YOUR INSTRUCTIONS: From the line with "Memory Foam Neck" down to the final line of the material, please transcribe everything exactly, but leave the pictures out.

INFORMATION SHOWN:
■ ■ ■ ■ ■
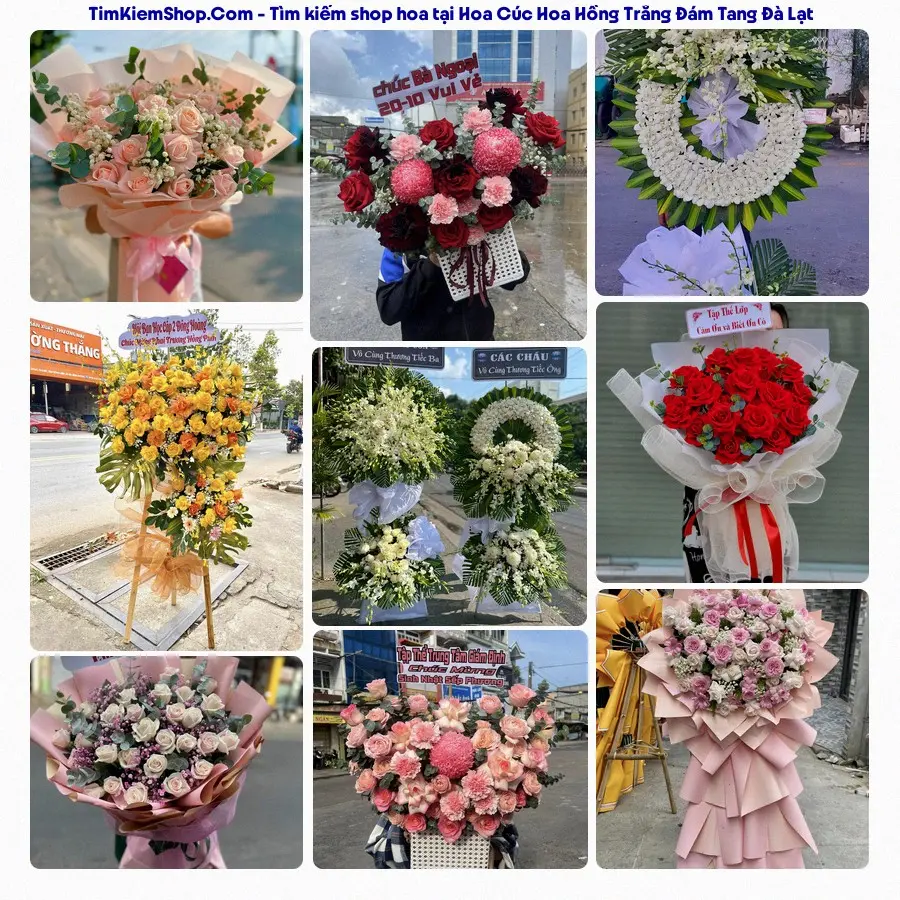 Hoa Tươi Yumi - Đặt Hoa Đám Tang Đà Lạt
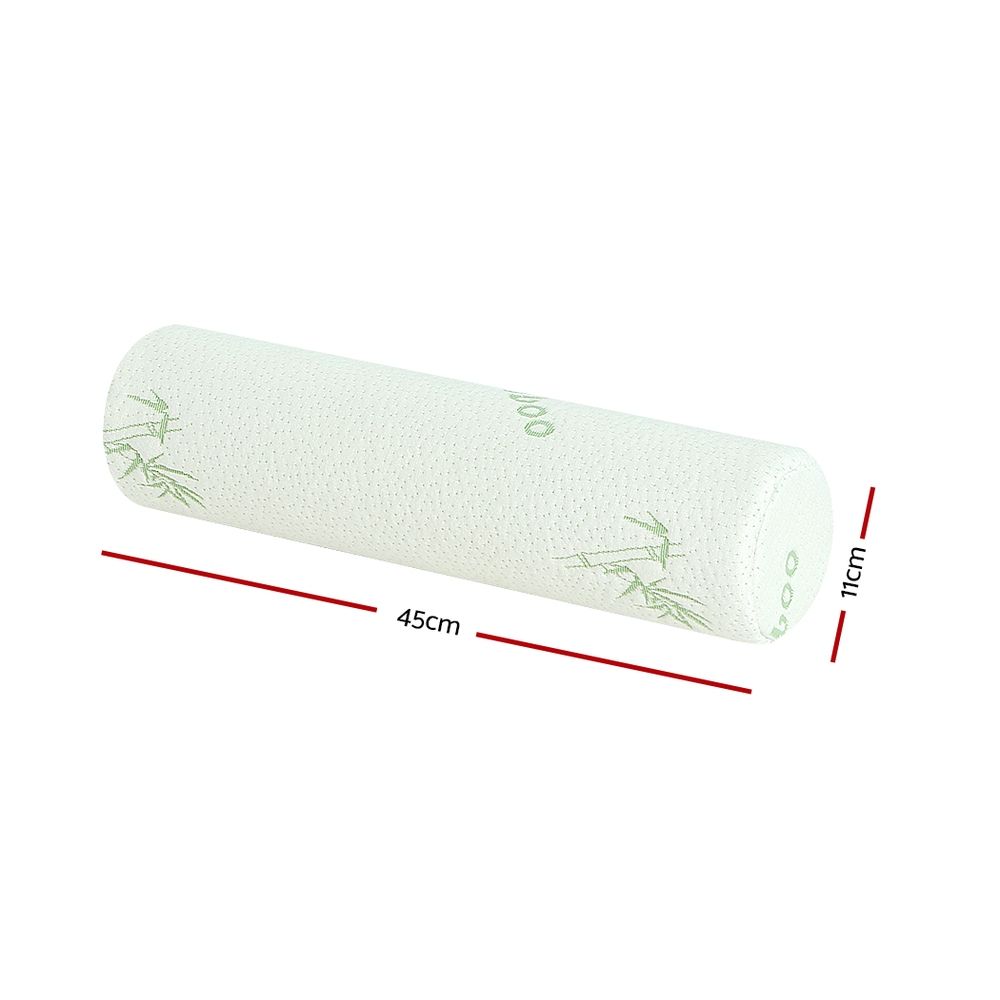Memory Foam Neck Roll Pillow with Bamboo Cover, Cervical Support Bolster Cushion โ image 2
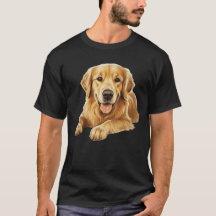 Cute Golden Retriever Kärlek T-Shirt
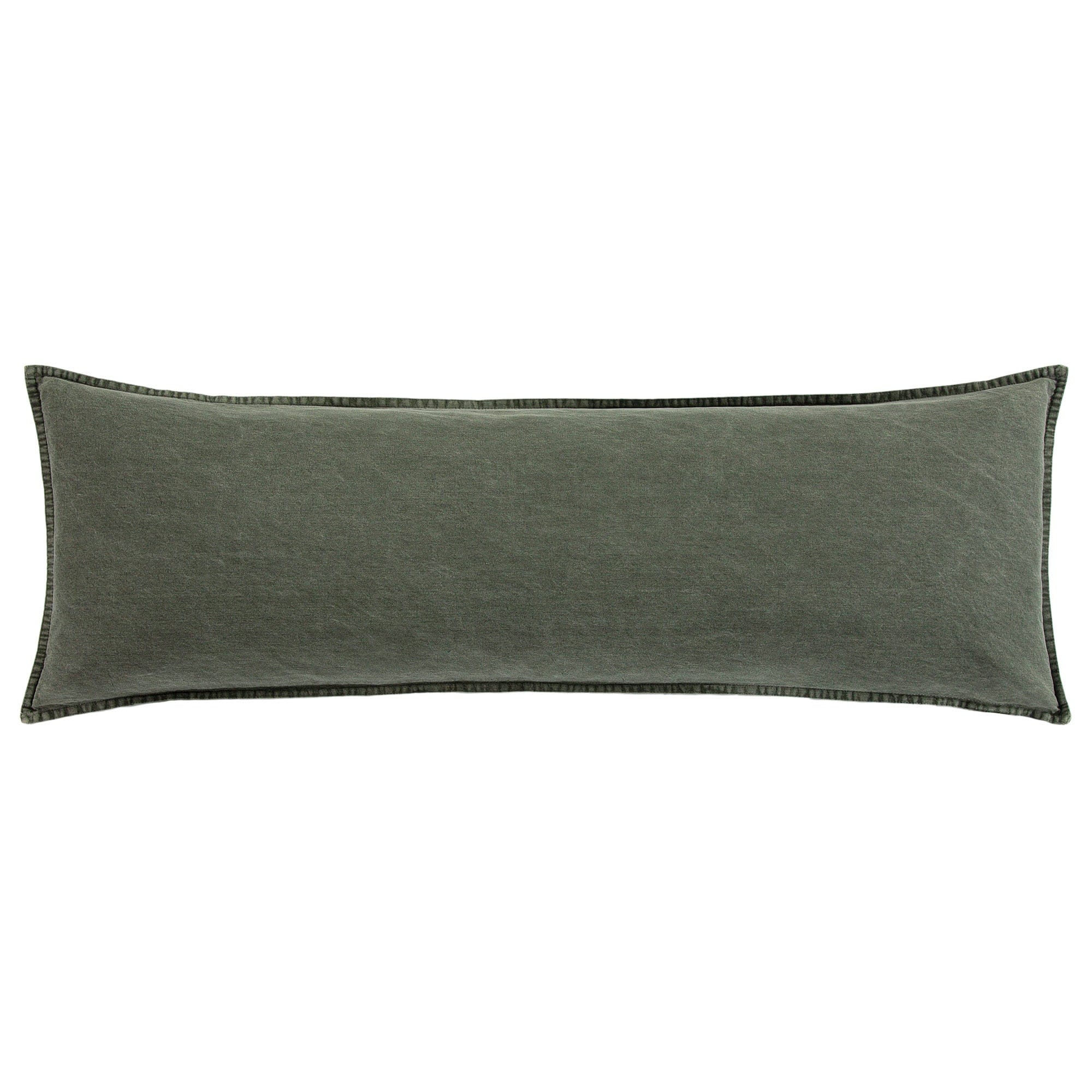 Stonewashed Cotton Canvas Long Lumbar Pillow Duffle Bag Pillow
■ ■ ■ ■ ■
OUTPUT OF THE TASK:
Memory Foam Neck Roll Pillow with Bamboo Cover, Cervical Support Bolster Cushion โ image 2
 Cute Golden Retriever Kärlek T-Shirt
 Stonewashed Cotton Canvas Long Lumbar Pillow Duffle Bag Pillow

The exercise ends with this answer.